Journal of Electrical and Computer Engineering (Jan 2024)

Convolutional Neural Networks to Facilitate the Continuous Recognition of Arabic Speech with Independent Speakers

  • Sally A. Sayed,
  • Rania Ahmed Abdel Azeem Abul Seoud,
  • Howida Y. Abdel Naby

DOI
https://doi.org/10.1155/2024/4976944
Journal volume & issue
Vol. 2024

Abstract

Read online

Automatic speech recognition (ASR) is a field of research that focuses on the ability of computers to process and interpret speech feedback from humans and to provide the highest degree of accuracy in recognition. Speech is one of the simplest ways to convey a message in a basic context, and ASR refers to the ability of machines to process and accept speech data from humans with the greatest degree of accuracy. As the human-to-machine interface continues to evolve, speech recognition is expected to become increasingly important. However, the Arabic language has distinct features that set it apart from other languages, such as the dialect and the pronunciation of words. Until now, insufficient attention has been devoted to continuous Arabic speech recognition research for independent speakers with a limited database. This research proposed two techniques for the recognition of Arabic speech. The first uses a combination of convolutional neural network (CNN) and long short-term memory (LSTM) encoders, and an attention-based decoder, and the second is based on the Sphinx-4 recognizer, which includes pocket sphinx, base sphinx, and sphinx train, with various types and number of features to be extracted (filter bank and mel frequency cepstral coefficients (MFCC)) based on the CMU Sphinx tool, which generates a language model for different sentences spoken by different speakers.
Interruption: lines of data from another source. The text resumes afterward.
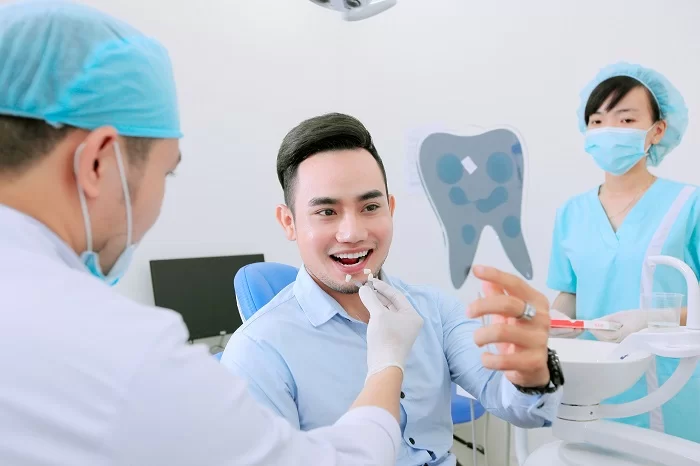 Trám răng – Giải pháp đơn giản cho răng sâu Trám răng – Giải pháp đơn giản cho răng sâu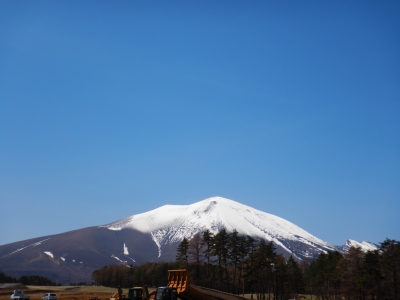 浅間山の写真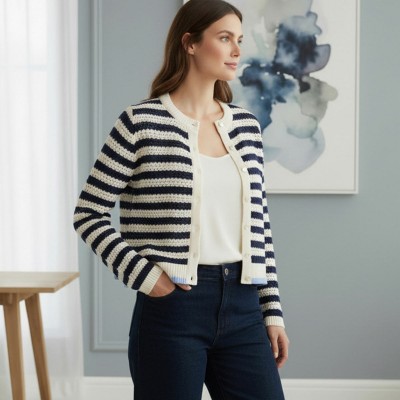 Elsie Knit Cardigan - Ofelia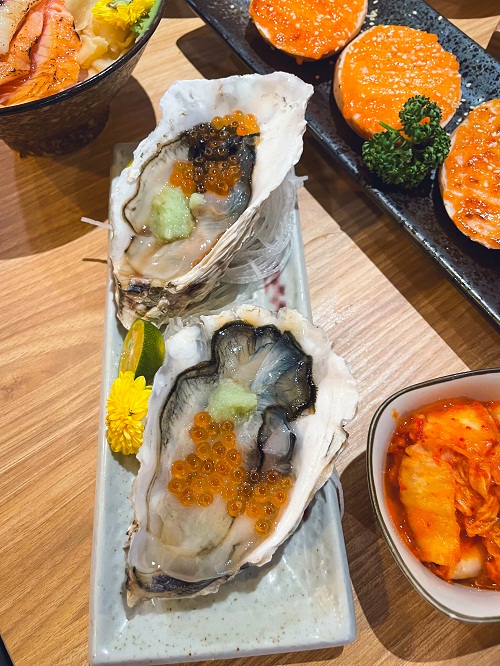 宜蘭礁溪【告春食彩小家日本料理】隱藏版的高CP值生魚片丼飯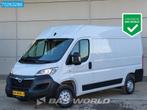 Opel Movano 140PK L2H2 Nwe model Camera Airco Cruise L2 11m3, Autos, Achat, Euro 6, Entreprise, Boîte manuelle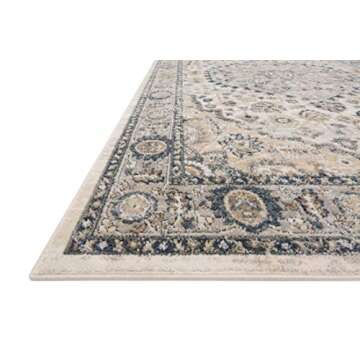 Loloi Teagan Collection Accent Rug - Stylish & Durable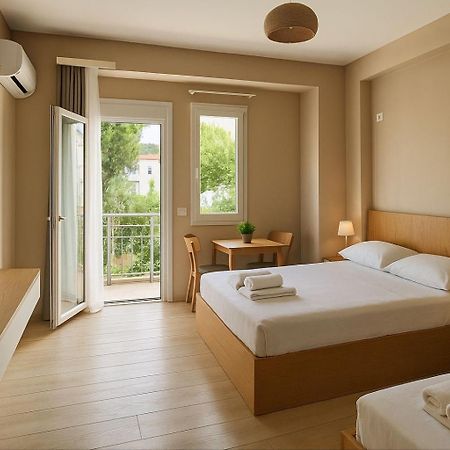 Saranda Apartments Exterior foto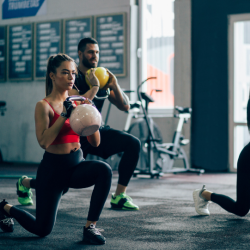 Bourne Fitness - Small Group PT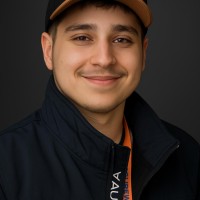 iQsim Employee Zalmy Goodman's profile photo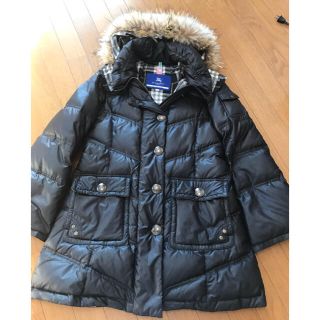 バーバリーブルーレーベル(BURBERRY BLUE LABEL)の［専用］ Burberry Blue Lable☆ダウンコート(ダウンコート)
These approaches were tested on a dataset containing 7 hours of spoken Arabic from 11 Arab countries, covering the Levant, Gulf, and African regions, which make up the Arab world, and achieved promising results. CNN-LSTM achieved a word error rate (WER) of 3.63% using 120 features for filter bank and 4.04% WER using 39 features for MFCC, respectively, while the Sphinx-4 recognizer technique achieved 8.17% WER and an accuracy of 91.83% using 25 features for MFCC and 8 Gaussian mixtures, respectively, when tested on the same benchmark dataset.